Your assignment>
Every line below needs to be transcribed without alteration, and no image may be carried over.

((

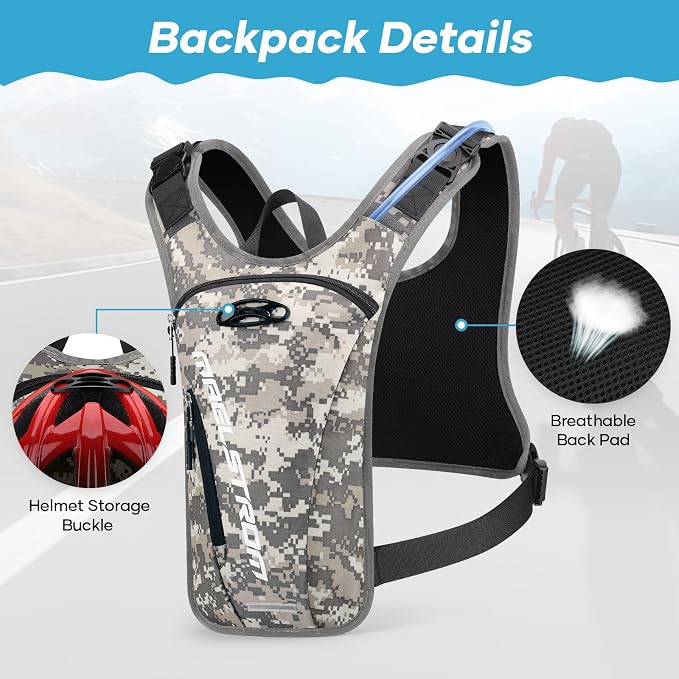 Maelstrom Hydration Vest with 2L Water Bladder Backpack for Running Hiking | Chest Pack, BPA-free, High Flow Bite, Reflective Stripe, Helmet Buckle, Detachable, Breathable Pad, for Cycling, Marathon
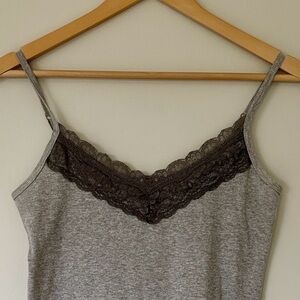 Gray Lace Trim Cami Top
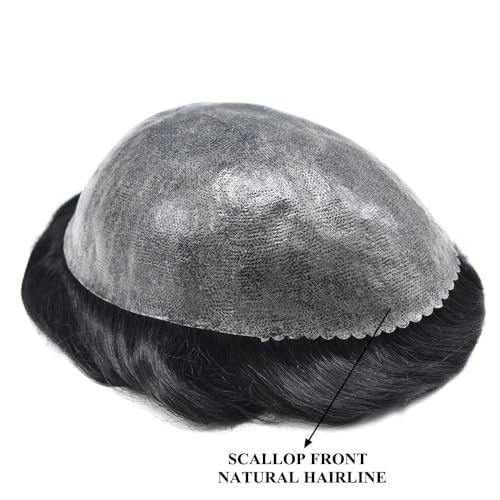 Toupee For Men Hair Pieces Full Poly Mens Toupee Human Hair Replacement Systems Thin Skin Hairpieces For Men Protesis Capilar Para Hombre#1B Off Black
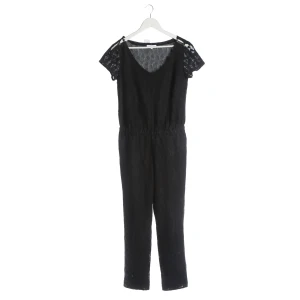 Patrizia Pepe Jumpsuits (schwarz, Gr. 36) Baumwolle / Spitze - gebraucht, Overall mit Spitzeneinsätze an den Schultern & Spitzenpasse am Rücken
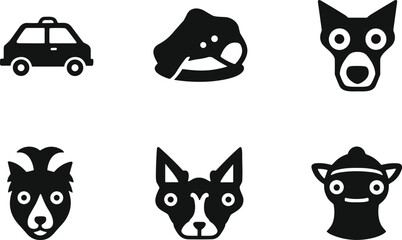 Animal face icons vector illustration set, dog cat goat monkey seal silhouettes, car symbol design for signage graphics © MostMonira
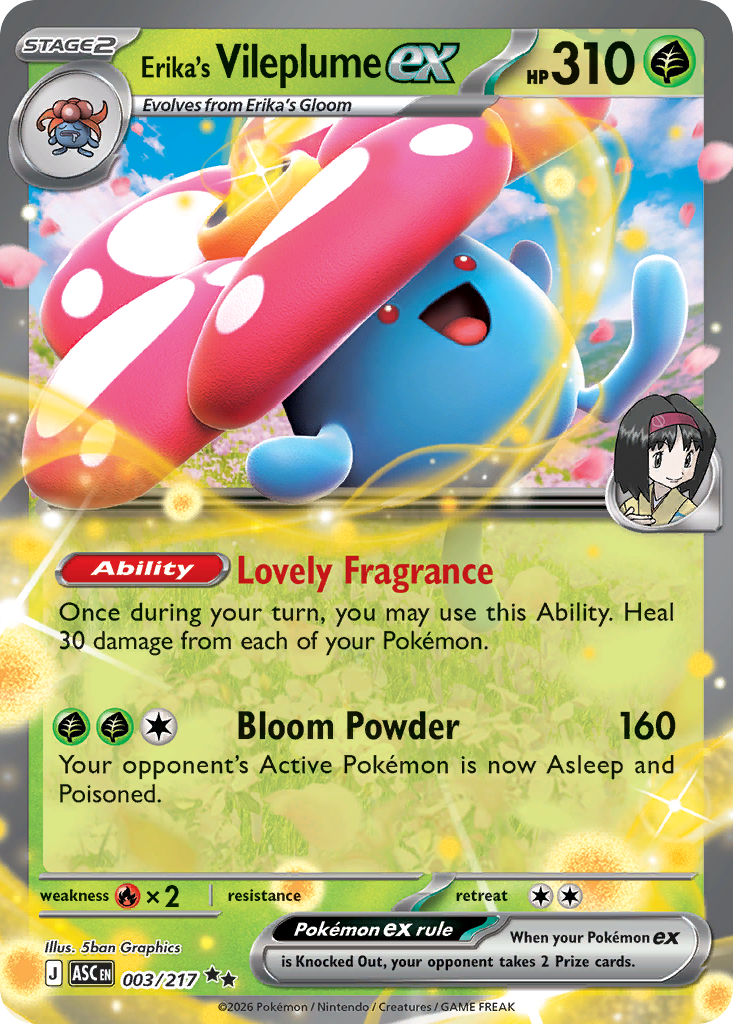Pokémon TCG - Erika's Vileplume ex - 003/217 - Ascended Heroes - Double Rare Holo - NM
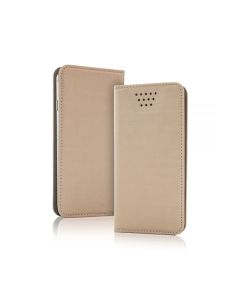 Universal Smart Wallet Case Θήκη Πορτοφόλι Χρυσό για συσκευές με οθόνη από 4.5" μέχρι 4.7"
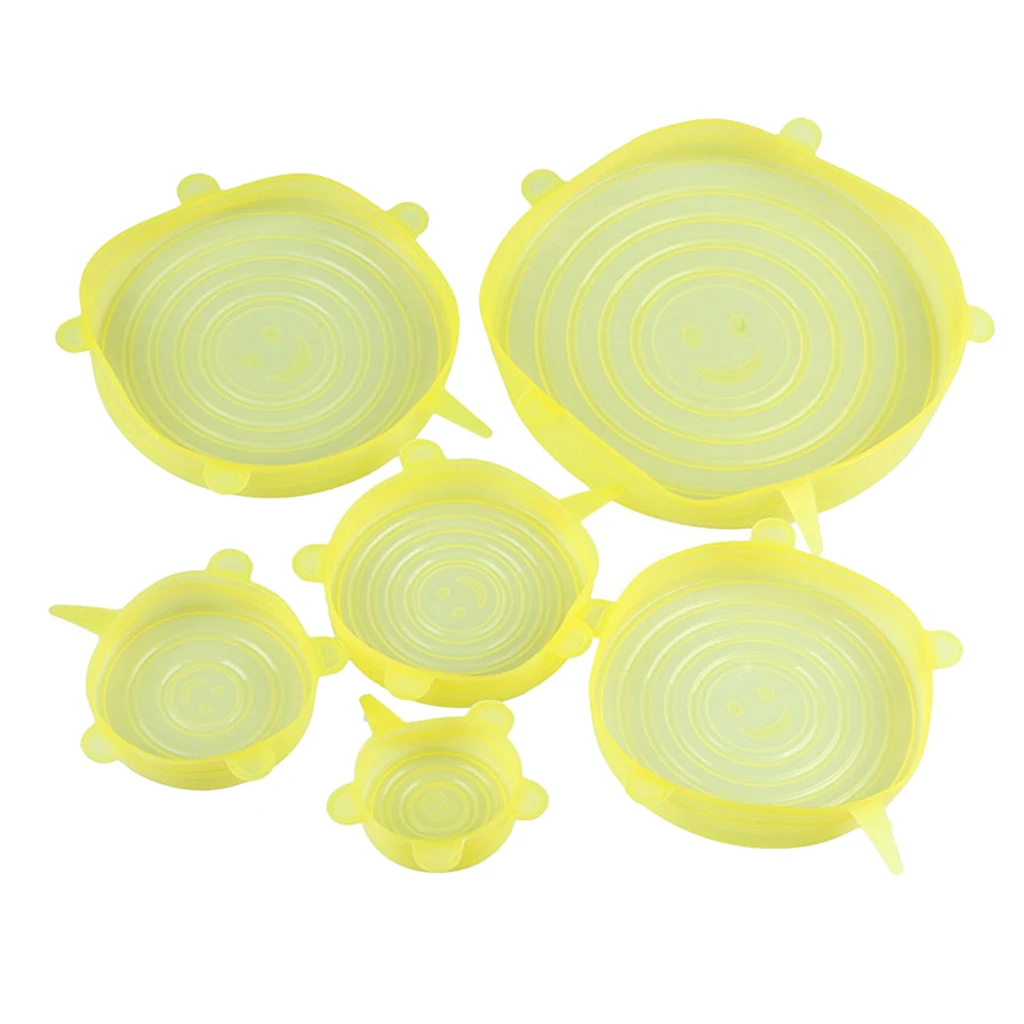 Yellow Силиконовые обертывания уплотнения чаши крышки сохранение продуктов питания хранения стрейч крышки набор - Цвет: Yellow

))

Reply to the task>
 Maelstrom Hydration Vest with 2L Water Bladder Backpack for Running Hiking | Chest Pack, BPA-free, High Flow Bite, Reflective Stripe, Helmet Buckle, Detachable, Breathable Pad, for Cycling, Marathon
 Gray Lace Trim Cami Top
 Toupee For Men Hair Pieces Full Poly Mens Toupee Human Hair Replacement Systems Thin Skin Hairpieces For Men Protesis Capilar Para Hombre#1B Off Black
 Patrizia Pepe Jumpsuits (schwarz, Gr. 36) Baumwolle / Spitze - gebraucht, Overall mit Spitzeneinsätze an den Schultern & Spitzenpasse am Rücken
 Animal face icons vector illustration set, dog cat goat monkey seal silhouettes, car symbol design for signage graphics © MostMonira
Pokémon TCG - Erika's Vileplume ex - 003/217 - Ascended Heroes - Double Rare Holo - NM
 Universal Smart Wallet Case Θήκη Πορτοφόλι Χρυσό για συσκευές με οθόνη από 4.5" μέχρι 4.7"
 Yellow Силиконовые обертывания уплотнения чаши крышки сохранение продуктов питания хранения стрейч крышки набор - Цвет: Yellow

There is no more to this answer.